Just as the Woodstock festival did not actually take place in Woodstock, the Battle of Saratoga — considered the turning point of the American Revolution — actually went down in nearby Stillwater. No matter. By 1777, Saratoga Springs was already well-known for its healing waters, so its name was easily appropriated.
Saratoga Springs, battlefield and spa. Yet it is a third claim to fame that turns this quaint town into The Place To Be each August: Thoroughbred racing. (That’s Thoroughbred with a capital “T”: the specific breed of horse that is to racing what Ferraris are to cars — sleek, fast, and expensive.) From the last week in July through Labor Day, visitors pour into town, hotels book to capacity, and many locals flee, renting out their houses to racing fans.
“Renting houses is big for the people who live here,” says Susie Brown, author of the local blog Downtown Susie Brown. “And people start doing that in February.” What about other options? “Is it impossible to get a hotel room? No,” she says. “But you’re going to pay.”
The tourists reflect the contrast you’d expect from a place known for both war and healing. “You see everybody,” Brown says. “The ones with the big hats and beautiful jewelry to the guys smoking cigars by the rail. That’s the beauty of Saratoga — it attracts such a diverse crowd.”
There’s the elite, with storied surnames like Whitney, Mellon, and Phipps; and the “wannabes” (as Brown calls them) who eat at the best restaurants but don’t get invited to Mary Lou Whitney’s gala (which, according to the rumors, won’t take place this year). And there’s everybody else. All of them partake of a tradition that dates back to the Civil War.
There is no dress code at the track, but looking the part adds to the charm. “You can go casual, but it’s fun to have a reason to dress up,” Brown says, adding that this summer, you’ll see maxi dresses and “the Grecian look.” Broadway, the town’s main thoroughfare, features upscale boutiques like Aggies as well as more affordable shops like Violet’s, 80 West, Lucia, Speck, and Frivolous.

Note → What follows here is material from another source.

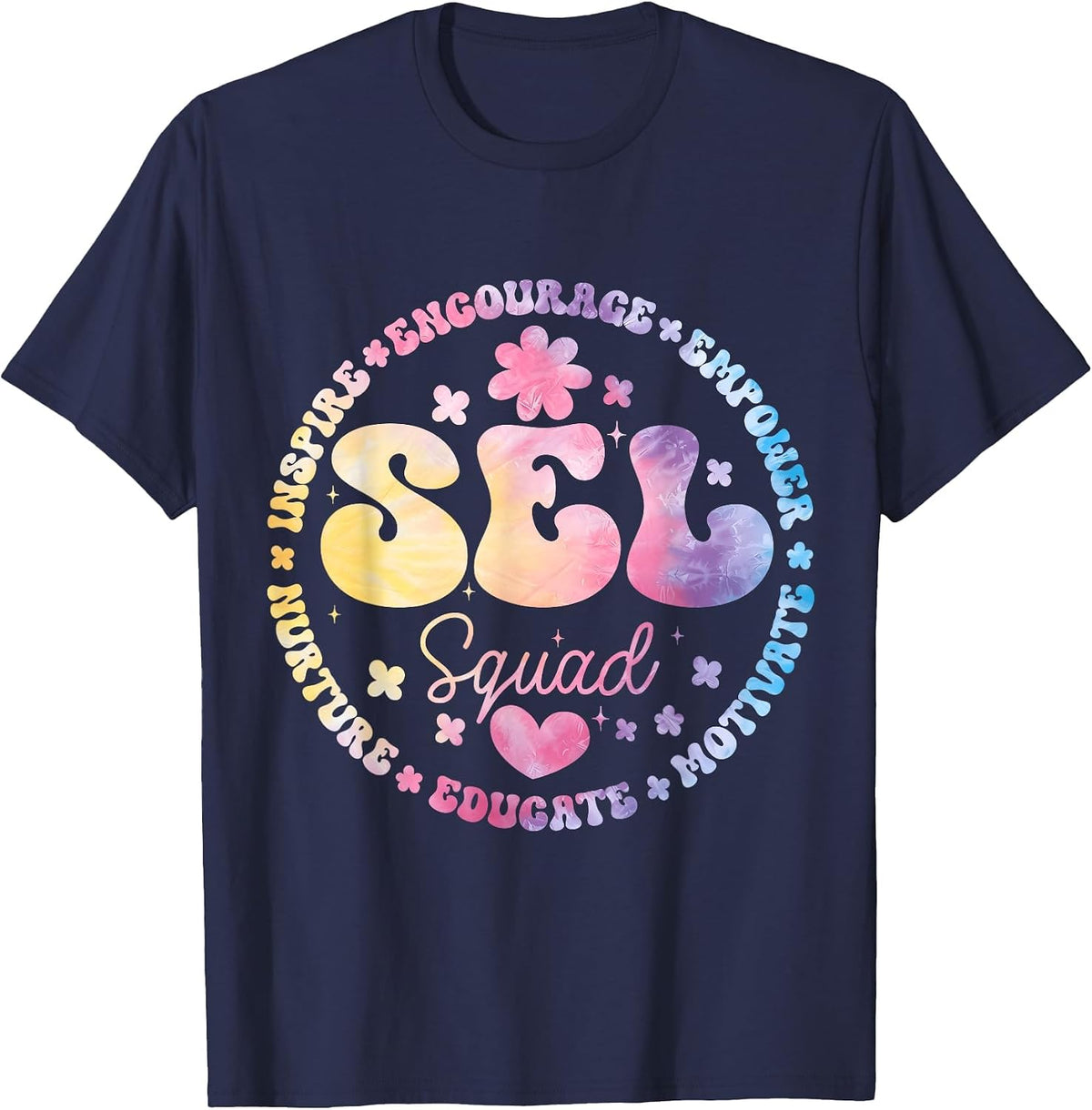 Groovy Social Emotional Learning Teacher SEL Squad T-Shirt - Navy Blue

Then there are the hats. It’s traditional to wear a hat to the track, and attendees go to great lengths to find the right lid. At the Hats Off to Saratoga Festival, revelers poke fun at the tradition by donning downright goofy headgear. “They have a hat contest. People make their own hats,” Brown says. “They’ll have the track on their head, and things like that.”
The best time to hit the track is the early morning. “You can grab coffee and a bagel and watch the horses do their warm-ups,” Brown says. “You can see the horses and jockeys close-up. And it’s free.”
But the races are just the beginning of the fun. Afterwards, the crowd drifts to posh Siro’s for dinner (for the elite) and drinks (for everyone else). The Saratoga Sunrise is the libation of choice. “They have an outside patio. It’s the place to go right after the track,” says Brown. Other hot spots include the Horseshoe Inn, Gotchya’s Trattoria, and the Beekman Street Bistro.
The meet draws big names to the nearby Saratoga Performing Arts Center: Coldplay; the Allman Brothers; and yes, Bruce Springsteen. There are performances by the Philadelphia Orchestra, and a chamber music festival. And Caffé Lena, where Don McLean supposedly composed “American Pie,” is always a hot option for acoustic music.
Plus, Saratoga Springs is kid-friendly. There’s a carousel, a trolley, and the Peerless Pool at Saratoga Spa State Park. Last but not least are the natural mineral springs — the town’s original draw all those years ago.
Bottom line: Saratoga in August is pricey but fun… even without the Whitney gala.